I'm determined to get the best of both worlds. We want our horses to live the run-in life as much as possible, but we need a fully enclosed barn (North Maine Woods, harsh winters, want that center aisle, etc.). We are doing a 30x24, 4-stall Trailside type barn. I'm thinking instead of doing dutch doors for the stalls with individual paddocks, having an 8' sliding door, and instead of a permanent partition wall between the stalls, doing a gate that would open the stalls and essentially turn them into one large run-in (or 2 stalls if necessary). This would only be on one side of the barn where the horses are; the other stalls are used for goats and storage. Would leave it open 99% of the time (just like a run-in), but have the ability to close it during harsh storms, could still feed/water from inside, have cross-ties, place for farrier, etc. 

Thoughts? Concerns?


----------



## horselovinguy (Oct 1, 2013)

Sliders inside absolutely works.
I'm not sure how a slider would work in frigid weather and snow in heavy conditions as you must keep clean accumulation from the tracking area and hope for no ground heave.
A removable center wall between stalls works as long as what ever you use is safe in rounded construction.
My only concern with that is a hoof slipping between the bars entrapping the horse if they were "rolling" or something.
Nice barn, pretty design.

Enjoy your project.
🐴...


----------



## JoyinDriving (Oct 15, 2014)

horselovinguy said:


> Sliders inside absolutely works.
> I'm not sure how a slider would work in frigid weather and snow in heavy conditions as you must keep clean accumulation from the tracking area and hope for no ground heave.
> A removable center wall between stalls works as long as what ever you use is safe in rounded construction.
> My only concern with that is a hoof slipping between the bars entrapping the horse if they were "rolling" or something.
> ...


Thank you! Very good points to consider.


----------



## Aprilswissmiss (May 12, 2019)

I have no building experience or input but I do want to say I'll be keeping an eye on this thread as a Mainer with a distant goal of building a very similar barn for a couple horses and goats!


----------



## Woodhaven (Jan 21, 2014)

I'm assuming you will have two horses. At my sister's place the back 1/3 of a cattle barn is divided up into two large runs (each about 15 x 36) one with a sliding door opening south and the other with a door opening north and it is great for the horses as in the summer there is a good cross breeze and they can go out into the barn yard from the south run in and then out to pasture. The north run in just goes out to a paddock which is good for the ponies as they need limited pasture. This way they can come up winter and summer to get inside. The one thing to consider with this is if the two horses get along well because if one is dominant the other horse can have a tough time of it in extreme weather as it will be very cautious about going into the run in. There is a swinging gate that can separate one run in into two boxes but the inside one does not have an exit so we don't use it, but could if we needed to.

If horses do not get along well together I have seen horses get pinned in a corner and have the other horse go at it and kick the living daylights out of the timid horse.
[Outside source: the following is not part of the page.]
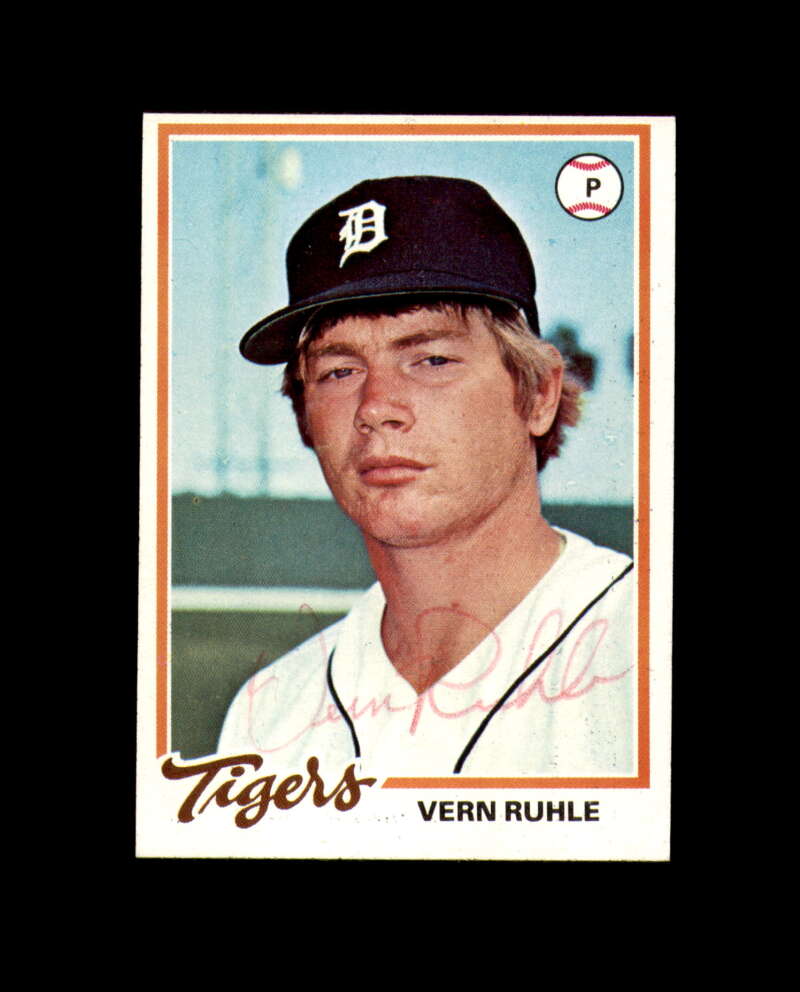 Vern Ruhle Signed 1978 Topps Detroit Tigers Autograph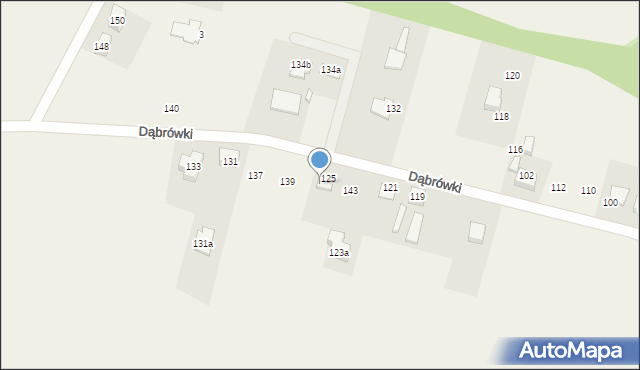 Koszęcin, Dąbrówki, 141, mapa Koszęcin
Just something to think about. Our horses do get along and there can be three out there sometimes or two at other times but if they didn't get along we would have to keep them more separate.
It's a nice looking barn, do you have have hay storage up top?


----------



## SteadyOn (Mar 5, 2017)

We had big sliding doors in a very snow-heavy area and it was... moooostly fine, but there were days when I had to tromp around to the outside of the door and chip out snow and ice all along the track and beyond, to get the door open. Wasn't great, but was doable. Mostly. You might want to consider having the roof extend out over the sliding door area so less snow and ice fall in there. Also, the doors at this place ended a few inches above the ground, and had rubber that went from the base of the door to close the gap, but which still allowed for any unevenness in the ground. It also kept indoor footing in, and outdoor footing out. Something to consider.


----------



## JoyinDriving (Oct 15, 2014)

SteadyOn said:


> We had big sliding doors in a very snow-heavy area and it was... moooostly fine, but there were days when I had to tromp around to the outside of the door and chip out snow and ice all along the track and beyond, to get the door open. Wasn't great, but was doable. Mostly. You might want to consider having the roof extend out over the sliding door area so less snow and ice fall in there. Also, the doors at this place ended a few inches above the ground, and had rubber that went from the base of the door to close the gap, but which still allowed for any unevenness in the ground. It also kept indoor footing in, and outdoor footing out. Something to consider.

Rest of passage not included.